Hepatitis D is a disease caused by a small circular RNA virus (hepatitis delta virus or hepatitis D, HDV). The HDV is regarded as a subset virus satellite, because it can spread only in the presence of another virus, the hepatitis B virus (HBV). The transmission of HDV can occur either through a simultaneous infection by HBV (co-infection) or by infecting someone who already has one carrier of hepatitis B (infection). Whether a co-infection or a superinfection HDV is responsible for more serious complications in cases of infection with HBV alone. Among these complications citing a higher probability of developing liver failure in acute infections and increased risk of developing liver cancer in chronic infections. In combination with the hepatitis B virus, hepatitis D is responsible for the highest mortality rate of all viral hepatitis or 20%.

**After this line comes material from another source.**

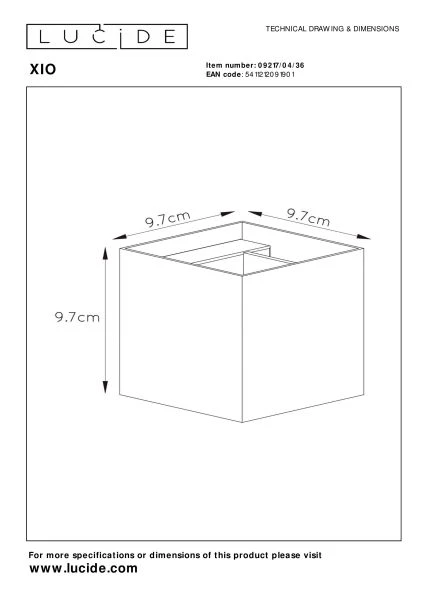 Lucide XIO - Wall light - LED Dim. - G9 - 1x4W 2700K - Adjustable beam angle - Grey - technical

Structure of the genome and similarities with viroids
The genome of HDV is in the form of a single strand of RNA circular and sealed, wrapped in the negative sense. Due to a sequence of nucleotides that is 70% self-complementary, the genome of HDV form a structure RNA partially double strand which is described as a structure to stick. With a genome of about 1700 nucleotides, HDV is the smallest "virus" capable known to infect animals. However, it was suggested that HDV could find its origin in a class of viruses infecting plants and called viroids. The evidence advanced to support this hypothesis stem from the fact that HDV and viroids have a structure of simple strand of RNA and closed circular-shaped stick. Similarly, HDV and viroids contain RNA sequences capable of exercising the catalytic activity of structures called ribozymes. During viral replication, these are catalytic RNA necessary to produce copies unit fragments of RNA genome before the assembly. Finally, neither the HDV or viroids are able to encode their own polymerases. Failing that, for their replication and viroids HDV require a host of which they can use the RNA polymerase as a matrix. Based on circumstantial evidence, RNA polymerase II was involved in the replication of HDV. Normally, RNA polymerase II uses DNA as a substrate and produces mRNA. Therefore, if the HDV actually uses RNA polymerase II during its replication, it would be the only pathogen known able to convert a DNA polymerase dependent on RNA polymerase dependent.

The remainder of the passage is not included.